┌──

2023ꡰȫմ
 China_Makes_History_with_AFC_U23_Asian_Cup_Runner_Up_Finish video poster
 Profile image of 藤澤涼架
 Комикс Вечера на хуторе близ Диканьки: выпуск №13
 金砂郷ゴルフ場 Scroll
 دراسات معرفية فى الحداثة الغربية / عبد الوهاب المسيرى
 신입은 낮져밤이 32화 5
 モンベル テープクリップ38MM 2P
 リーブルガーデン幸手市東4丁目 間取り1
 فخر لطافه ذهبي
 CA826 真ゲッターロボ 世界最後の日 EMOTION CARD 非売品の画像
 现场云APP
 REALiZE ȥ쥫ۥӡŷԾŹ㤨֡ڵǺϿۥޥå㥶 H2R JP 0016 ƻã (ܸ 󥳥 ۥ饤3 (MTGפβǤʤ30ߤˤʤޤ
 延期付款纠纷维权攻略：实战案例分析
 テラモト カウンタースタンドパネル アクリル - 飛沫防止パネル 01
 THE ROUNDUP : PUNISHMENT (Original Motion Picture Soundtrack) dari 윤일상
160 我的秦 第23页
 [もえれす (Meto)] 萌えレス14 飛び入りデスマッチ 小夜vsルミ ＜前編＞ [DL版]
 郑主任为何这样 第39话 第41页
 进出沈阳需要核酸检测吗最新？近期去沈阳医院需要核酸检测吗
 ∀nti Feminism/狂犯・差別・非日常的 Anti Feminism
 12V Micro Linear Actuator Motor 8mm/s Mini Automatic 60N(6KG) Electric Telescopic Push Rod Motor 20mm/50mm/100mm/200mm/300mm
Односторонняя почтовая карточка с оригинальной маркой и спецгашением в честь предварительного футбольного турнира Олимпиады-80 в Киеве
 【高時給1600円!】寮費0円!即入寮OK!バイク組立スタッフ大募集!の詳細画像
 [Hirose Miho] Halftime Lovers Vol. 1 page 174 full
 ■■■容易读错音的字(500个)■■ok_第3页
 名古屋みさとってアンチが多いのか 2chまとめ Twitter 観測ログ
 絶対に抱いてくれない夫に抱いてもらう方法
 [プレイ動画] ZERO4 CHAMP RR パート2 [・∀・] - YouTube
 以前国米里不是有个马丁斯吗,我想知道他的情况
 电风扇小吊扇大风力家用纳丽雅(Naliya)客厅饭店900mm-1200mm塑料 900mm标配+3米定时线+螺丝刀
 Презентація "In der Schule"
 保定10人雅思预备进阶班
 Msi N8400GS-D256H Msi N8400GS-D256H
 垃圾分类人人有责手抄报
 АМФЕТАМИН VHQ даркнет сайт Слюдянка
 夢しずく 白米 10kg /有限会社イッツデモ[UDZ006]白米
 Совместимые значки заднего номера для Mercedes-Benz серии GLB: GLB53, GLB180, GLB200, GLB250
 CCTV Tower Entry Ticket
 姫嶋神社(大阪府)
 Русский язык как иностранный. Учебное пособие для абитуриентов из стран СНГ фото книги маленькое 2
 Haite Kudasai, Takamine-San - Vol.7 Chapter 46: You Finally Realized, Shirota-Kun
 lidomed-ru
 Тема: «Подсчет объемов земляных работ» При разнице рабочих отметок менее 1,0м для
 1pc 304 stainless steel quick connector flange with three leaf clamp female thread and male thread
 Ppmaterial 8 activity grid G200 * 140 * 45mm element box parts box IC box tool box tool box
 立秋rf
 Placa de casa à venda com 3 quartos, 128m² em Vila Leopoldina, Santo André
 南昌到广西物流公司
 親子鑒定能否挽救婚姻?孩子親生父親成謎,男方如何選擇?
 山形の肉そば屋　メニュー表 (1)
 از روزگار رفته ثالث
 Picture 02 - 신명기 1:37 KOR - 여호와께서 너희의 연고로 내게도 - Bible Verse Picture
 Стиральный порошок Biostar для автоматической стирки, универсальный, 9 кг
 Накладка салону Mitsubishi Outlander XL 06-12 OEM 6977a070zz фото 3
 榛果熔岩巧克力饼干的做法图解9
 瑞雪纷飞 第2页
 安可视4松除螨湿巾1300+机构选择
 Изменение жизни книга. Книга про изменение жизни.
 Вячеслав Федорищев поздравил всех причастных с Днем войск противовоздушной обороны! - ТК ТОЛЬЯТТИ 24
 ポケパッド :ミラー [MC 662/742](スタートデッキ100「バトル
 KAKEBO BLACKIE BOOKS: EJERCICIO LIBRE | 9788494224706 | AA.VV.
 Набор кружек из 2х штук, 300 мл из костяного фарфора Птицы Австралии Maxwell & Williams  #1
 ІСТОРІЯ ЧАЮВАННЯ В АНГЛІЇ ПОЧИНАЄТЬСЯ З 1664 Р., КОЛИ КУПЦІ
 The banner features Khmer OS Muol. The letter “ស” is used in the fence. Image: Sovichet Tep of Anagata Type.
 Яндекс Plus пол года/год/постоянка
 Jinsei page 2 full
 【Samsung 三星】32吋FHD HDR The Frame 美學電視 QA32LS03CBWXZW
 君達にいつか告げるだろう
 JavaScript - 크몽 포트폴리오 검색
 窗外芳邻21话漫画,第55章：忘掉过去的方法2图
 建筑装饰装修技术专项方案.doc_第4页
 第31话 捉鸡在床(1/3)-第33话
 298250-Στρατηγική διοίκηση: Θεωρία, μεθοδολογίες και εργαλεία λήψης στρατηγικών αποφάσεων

└──

* [What to produce]:
All lines in the listing above between the line with "垃圾分类人人有责手抄报" and the line with "Изменение жизни книга.", inclusive, should be set down exactly, and no line outside that range.

* [Output]:
 垃圾分类人人有责手抄报
 АМФЕТАМИН VHQ даркнет сайт Слюдянка
 夢しずく 白米 10kg /有限会社イッツデモ[UDZ006]白米
 Совместимые значки заднего номера для Mercedes-Benz серии GLB: GLB53, GLB180, GLB200, GLB250
 CCTV Tower Entry Ticket
 姫嶋神社(大阪府)
 Русский язык как иностранный. Учебное пособие для абитуриентов из стран СНГ фото книги маленькое 2
 Haite Kudasai, Takamine-San - Vol.7 Chapter 46: You Finally Realized, Shirota-Kun
 lidomed-ru
 Тема: «Подсчет объемов земляных работ» При разнице рабочих отметок менее 1,0м для
 1pc 304 stainless steel quick connector flange with three leaf clamp female thread and male thread
 Ppmaterial 8 activity grid G200 * 140 * 45mm element box parts box IC box tool box tool box
 立秋rf
 Placa de casa à venda com 3 quartos, 128m² em Vila Leopoldina, Santo André
 南昌到广西物流公司
 親子鑒定能否挽救婚姻?孩子親生父親成謎,男方如何選擇?
 山形の肉そば屋　メニュー表 (1)
 از روزگار رفته ثالث
 Picture 02 - 신명기 1:37 KOR - 여호와께서 너희의 연고로 내게도 - Bible Verse Picture
 Стиральный порошок Biostar для автоматической стирки, универсальный, 9 кг
 Накладка салону Mitsubishi Outlander XL 06-12 OEM 6977a070zz фото 3
 榛果熔岩巧克力饼干的做法图解9
 瑞雪纷飞 第2页
 安可视4松除螨湿巾1300+机构选择
 Изменение жизни книга. Книга про изменение жизни.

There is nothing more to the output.